The CSE Commissioner's mandate under section 273.63 of the National Defence Act consists of three important functions:
- reviewing the activities of Communications Security Establishment (CSE) to determine whether they comply with the law;
- undertaking any investigation the Commissioner deems necessary in response to a written complaint about CSE; and
- informing the Minister of National Defence and the Attorney General of Canada of any CSE activities that the Commissioner believes may not be in compliance with the law.
Under the National Defence Act, the CSE Commissioner must be a supernumerary or retired judge of a superior court. His main responsibilities are to review the lawfulness of CSE activities and to verify that CSE takes sufficient measures to protect the privacy of Canadians.
The Commissioner's legislative mandate includes:
- full independence, at arm's length from government and with a separate budget granted by Parliament;
- all the powers of a Commissioner under Part II of the Inquiries Act , including full access to all CSE facilities, files and systems; and
- full access to CSE personnel, including the power of subpoena to compel individuals to answer questions.

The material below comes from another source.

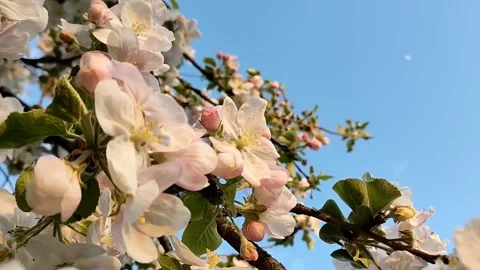 Beautiful delicate flowering branches of apple tree, on a background of sky Stock Footage 194437284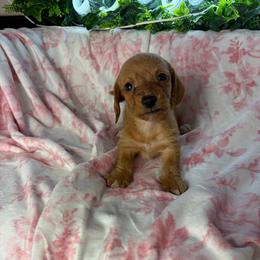 Candy - Wheaten female Dachshund puppy in Lake City, Florida from My Ditzy Doxies of Florida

The Commissioner sends classified reports on his reviews to the Minister of National Defence. As the minister responsible for CSE, the Minister of National Defence can — and does — direct CSE to implement the Commissioner's recommendations.
The Commissioner determines the contents of his reports, which are based on facts and conclusions drawn from those facts. The reports are free from any interference by CSE or any minister.
By law, the Minister of National Defence must table the Commissioner's public annual report in Parliament.
Under section 15 of the Security of Information Act, the Commissioner also has a mandate to receive information from persons who are permanently bound to secrecy if they believe it is in the public interest to release special operational information of CSE.